L’Agence nationale de sécurité sanitaire de l’alimentation, de l’environnement et du travail (Anses) vient de publier une expertise à propos du syndrome « aérotoxique ». Ce dernier serait dû à la pollution de l’air des cabines et des cockpits d’avions par divers polluants, mais il est pour l’instant difficile à caractériser, et son impact sur la santé des personnels navigants reste encore à déterminer

A la fin des années 1990, le britannique Chris Winder, professeur en toxicologie, et le chercheur français Jean-Christophe Balouet, qui s’intéressaient au problème de l’air contaminé à bord des avions, créent le terme « syndrome aérotoxique ». Il s’agit alors de désigner un ensemble de symptômes tels que des céphalées, des vertiges, des nausées, des irritations buccales et des voies aériennes supérieures touchant les personnels navigants. Et ce suite à des évènements d’odeurs, de fumées ou d’émanations observées dans les cabines des aéronefs.

Car l’air fourni au cockpit et à la cabine d’un avion en vol est, dans la grande majorité des cas, prélevé en partie au niveau des compresseurs des moteurs de l’avion. Parfois, cet air peut être contaminé par des composés issus des lubrifiants utilisés, et de l’huile moteur ou par des produits de décomposition issus de leur dégradation thermique. Dans le dernier cas, on parle alors de « fume event ».
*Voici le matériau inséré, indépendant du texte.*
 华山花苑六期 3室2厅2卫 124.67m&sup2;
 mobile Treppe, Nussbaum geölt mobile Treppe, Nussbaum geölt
Selon une étude menée par l’Université norvégienne de science et de technologie de Trondheim en 2015, ce type d’événement serait plutôt rare. Il surviendrait environ une fois tous les 5 jours.    

Odeur suspecte et symptômes après un vol

Pourtant, entre 2000 et 2021, 112 personnes ont rapporté auprès de centres antipoison la survenue de symptômes suite à des vols au cours desquels ils auraient perçu une odeur caractéristique de « chaussettes mouillées », de kérosène ou d’huile moteur dans l’habitacle.

L’Agence nationale de sécurité sanitaire de l’alimentation, de l’environnement et du travail (Anses), a donc été saisie en 2019 par plusieurs syndicats représentant les pilotes et les personnels de cabine afin d’apporter une expertise scientifique sur le sujet. Il s’agissait ainsi de faire toute la lumière sur ce syndrome aérotoxique qui affecte parfois le personnel navigant.

Le 11 octobre 2023, l’agence a publié les résultats de son expertise. Et elle est loin de pouvoir déterminer clairement l’origine et les impacts de ce phénomène. L’agence indique notamment ne pas pouvoir trancher en faveur de la reconnaissance d’un syndrome aérotoxique qui serait spécifiquement lié à l’exposition à divers polluants ou produits de décompositions moteurs dans les cabines des avions.

Des recherches complémentaires sont nécessaires

Dans son expertise, l’agence précise également qu’elle « ne peut conclure ni sur l’origine des polluants détectés dans l’air des cabines ni sur leurs niveaux de concentrations, en raison de données de qualité insuffisante ». L’ Anses préconise donc de procéder à des recherches supplémentaires afin d’identifier avec davantage de précision les effets de la qualité de l’air sur le personnel navigant.

En attendant, quelques solutions pour réduire ces épisodes de pollution de l’air intérieur existent. Selon le syndicat national des pilotes de ligne, il est par exemple possible de recourir à des filtres spécifiques pour traiter l’air introduit dans l’habitacle. Et à terme, des solutions plus couteuses comme le fait d’employer des compresseurs électriques pour la pressurisation et le conditionnement de l’air pourraient être envisagées.